4. Wel­che an­de­ren Ge­fahrt­ra­gungs­re­ge­lun­gen sollte man ken­nen?

Ne­ben § 326 Abs. 2 BGB ist ein Über­gang der Ge­gen­leis­tungs­ge­fahr (manch­mal auch "Preis­ge­fahr" ge­nannt) auch in ei­ni­gen an­de­ren Nor­men des be­son­de­ren Schuld­rechts an­ge­ord­net:

  • Im Kauf­recht ord­net § 446 S. 1 BGB an, dass ein Un­ter­gang oder eine Ver­schlech­te­rung nach Über­gabe (selbst wenn dies vor der eben­falls ge­schul­de­ten Über­eig­nung er­folgt - na­ment­lich bei ei­nem Ei­gen­tums­vor­be­halt im Sinne von § 449 Abs. 1 BGB, bei dem die Ei­gen­tums­über­tra­gung nach § 158 Abs. 1 BGB auf­schie­bend be­dingt ist) die Ge­gen­leis­tungs­pflicht nicht mehr be­ein­flusst. Dies er­wei­tert § 446 S. 3 BGB auf den Fall, dass der Käu­fer im An­nah­me­ver­zug ist (was sich aber oh­ne­hin aus § 326 Abs. 2 S. 1 BGB er­gib­t).
  • Klau­sur­re­le­vanz hat auch die Re­ge­lung des § 447 Abs. 1 BGB: Da­nach muss der Käu­fer, so­weit ein Ver­sen­dungs­kauf ver­ein­bart ist, den Kauf­preis auch dann be­zah­len, wenn der Ver­käu­fer die Sa­che ei­ner Trans­port­per­son über­ge­ben hat und die Sa­che vor der Über­gabe an den Käu­fer un­ter­geht. Er­for­der­lich ist da­für eine vom Ver­käu­fer un­ab­hän­gige Trans­port­per­son so­wie eine ord­nungs­ge­mäße Ver­pa­ckung, Adres­sie­rung und Ver­la­dung und die Be­fol­gung et­wai­ger Son­der­wei­sun­gen des Käu­fers. Bei ei­nem Ver­brauchs­gü­ter­kauf gilt dies frei­lich nur un­ter den ein­schrän­ken­den Vor­ga­ben des § 475 Abs. 2 BGB (vom Käu­fer selbst­stän­dig aus­ge­wählte und be­auf­tragte Trans­port­per­son), an­sons­ten muss der Käu­fer nach § 446 BGB nur zah­len, wenn die Ware ihm bzw. sei­nem Er­fül­lungs­ge­hilfen über­ge­ben wird.
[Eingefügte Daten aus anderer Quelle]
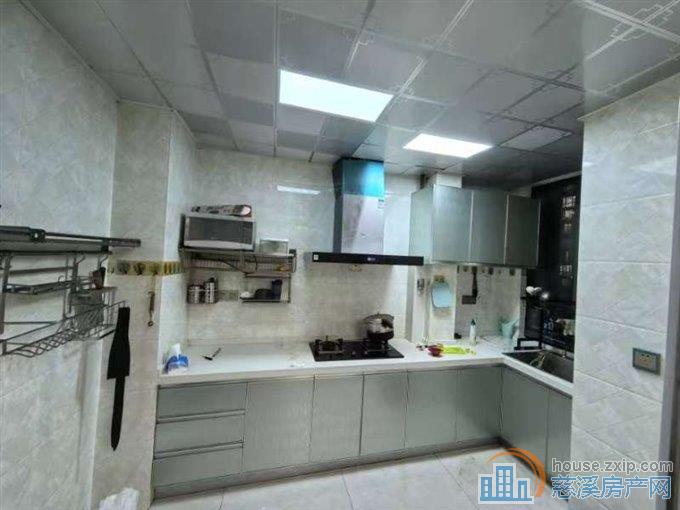 界牌新村双阳台精装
V ver­kauft an K ein Smart­phone im Wert von 500 €, das per DHL an K ver­sandt wer­den soll. V ver­packt das Gerät ord­nungs­ge­mäß und über­gibt es dem DHL-Bo­ten. Auf dem Weg zu K ex­plo­diert der DHL-Trans­port we­gen ei­nes über­ra­schend her­ab­fal­len­den Sa­tel­li­ten und das Smart­phone wird zer­stört.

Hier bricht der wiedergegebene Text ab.